The Firm calculates its foreign exchange risk by reference to the rules in BIPRU 7.5.1 of the FCA Handbook and applies an 8% risk factor to its foreign exchange exposure.

Liquidity risk

The Firm is required to maintain sufficient liquidity to ensure that there is no significant risk that its liabilities cannot be met as they fall due or to ensure that it can secure additional financial resources in the event of a stress scenario.

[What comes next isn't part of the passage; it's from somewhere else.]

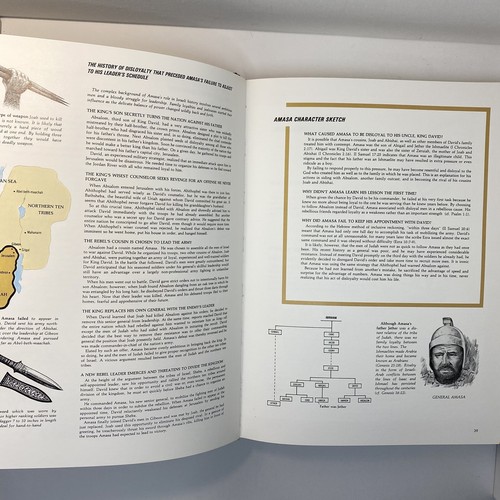 Character Sketches From The Pages of Scripture Volumes I & II slipcases 1997 - Picture 13 of 22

The Firm retains an amount it considers suitable for providing sufficient liquidity to meet the working capital requirements under normal business conditions. The Firm has always had sufficient liquidity within the business to meet its obligations and there are no perceived threats to this given the cash deposits it holds. Additionally, it has historically been the case that all advisory fee debtors are settled promptly, thus ensuring further liquidity resources are available to the Firm on a timely basis. The cash position of the Firm is monitored under the supervision of the SMT on a monthly basis.

Regulatory capital

The Firm is a Limited Liability Partnership and its capital arrangements are established in its Partnership deed. 

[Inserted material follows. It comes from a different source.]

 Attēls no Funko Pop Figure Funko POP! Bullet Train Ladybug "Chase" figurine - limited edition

The main features of the Firm’s capital resources for regulatory purposes are as follows:

Tier 1 capital(145,000)
Tier 2 capital-
Deductions from Tiers 1 and 2-
Total capital resources(145,000)

The Firm is small with a simple operational infrastructure. Its market risk is limited to foreign exchange risk on its accounts receivable in foreign currency, and credit risk from management and performance fees receivable from the funds under its management. The Firm follows the standardised approach to market risk and the simplified standard approach to credit risk.

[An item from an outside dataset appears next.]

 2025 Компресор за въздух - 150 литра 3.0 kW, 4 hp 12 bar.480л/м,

Limited License – In accordance with Article 97, the Firm is subject to the Fixed Overhead Requirement (‘FOR’) and is not required to calculate an operational risk capital charge though it considers this as part of its process to identify the level of risk-based capital required.

As discussed above the Firm is a limited licence firm and as such its capital requirements are the higher of:

  • €50,000; and
  • The sum of the market and credit risk requirements; or
  • The FOR which is essentially 25% of the Firm’s operating expenses less certain variable costs.

The FOR is calculated in accordance with FCA rules, based on the Firm’s previous years audited expenditure. The Firm has adopted the standardised approach to credit and market risk and the above figures have been produced on that basis.The Firm is not subject to an operational risk requirement.

Capital requirement

The Firm’s Pillar 1 capital requirement has been determined by reference to the Firm’s FOR and calculated in accordance with the FCA’s General Prudential Sourcebook (’GENPRU’) at GENPRU 2.1.53. The requirement is based on the FOR since this exceeds the total of the credit and market risk capital requirements it faces and also exceeds its base capital requirement of €50,000.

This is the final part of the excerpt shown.